23 charged with terrorism in attack on Atlanta police station building site
Washington, Mar 6 (EFE).- Atlanta authorities on Monday charged 23 of the more than 30 people arrested during weekend protests at a site on which a police station will be built, a project that has sparked the ire of demonstrators who feel that the work will damage the environment and the well-being of minorities who live in the area.
Among the people charged were French and Canadian citzens, one from each country, along with 21 others who came from outside Georgia, a situation leading authorities to treat the matter as domestic terrorism.
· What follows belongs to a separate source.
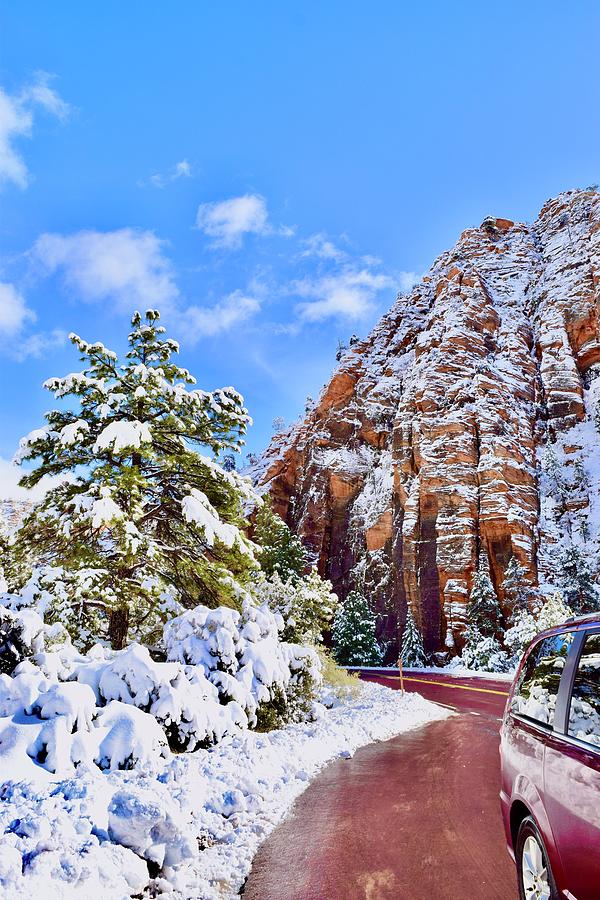 Snow covered Mt.Carmel hwy,East Zion Photograph by Bnte Creations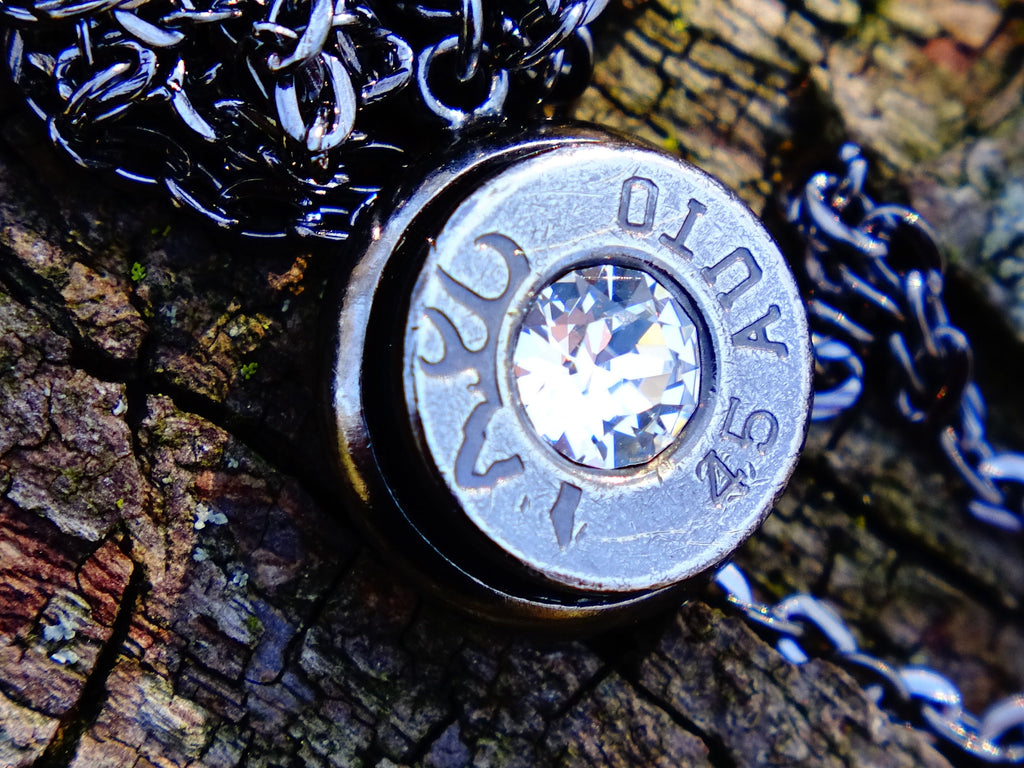 Bullet necklace gun metal clear __etsy:2288717292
Police arrested at least 35 people on Sunday night in the Georgia state capital after a protest against the construction of a police training center during which they threw stones and incendiary bombs.
“Domestic terrorism will NOT be tolerated in this state,” said Georgia Gov. Brian Kemp in a statement, adding that “As we continue to respect peaceful protest, we will also continue to ensure safety in our communities.”
“We will not rest until those who use violence and intimidation for an extremist end are brought to full justice,” he added.
The activists had camped out for some weeks near the site where the Public Safety Training Facility is to be built, and in January one of them, Manuel Esteban Paez Teran, 26, died in a shootout with police, who said he opened fire first and wounded an officer whereupon they returned fire and killed him.
According to the police version of events, on Sunday night dozens of militants left the South River Music Festival and marched on the construction site in DeKalb County.
“When you attack law enforcement officers, when you damage equipment, you are breaking the law,” said Atlanta police chief Darin Schierbaum at a press conference Sunday night. “This wasn’t about a public safety training center, this was about anarchy and this was about the attempt to destabilize.”
Police also said that the “illegal actions of the agitators could have resulted in bodily harm. Officers exercised restraint and used non-lethal enforcement to conduct arrests.”
People opposing the training center, locally known as “Cop City,” said that the facility will affect the minority communities near the site – which is in Weelaunee Forest, also known as South River Forest – and will damage the environment in the area.
The agitators called for a week of “mass mobilization” and designated Thursday as “National Action Day against Police Terrorism,” at the 34-hectare (85-acre) site where the facility is to be built at a cost of $90 million.
Videos disseminated by the media show about 100 people, many of them wearing military-style combat clothing, throwing rocks, bricks and shooting fireworks over the fence surrounding the construction site.
When police reinforcements arrived on the scene, the agitators dispersed and police pursued them into the nearby woods, ultimately arresting at least 35 of them.
A group called Defend the Atlanta Forest said in a statement after the demonstrators burned construction equipment at the site that “It’s important to note that the 35 people that police arrested tonight were not ‘violent agitators,’ but peaceful concert goers who were nowhere near the demonstration.”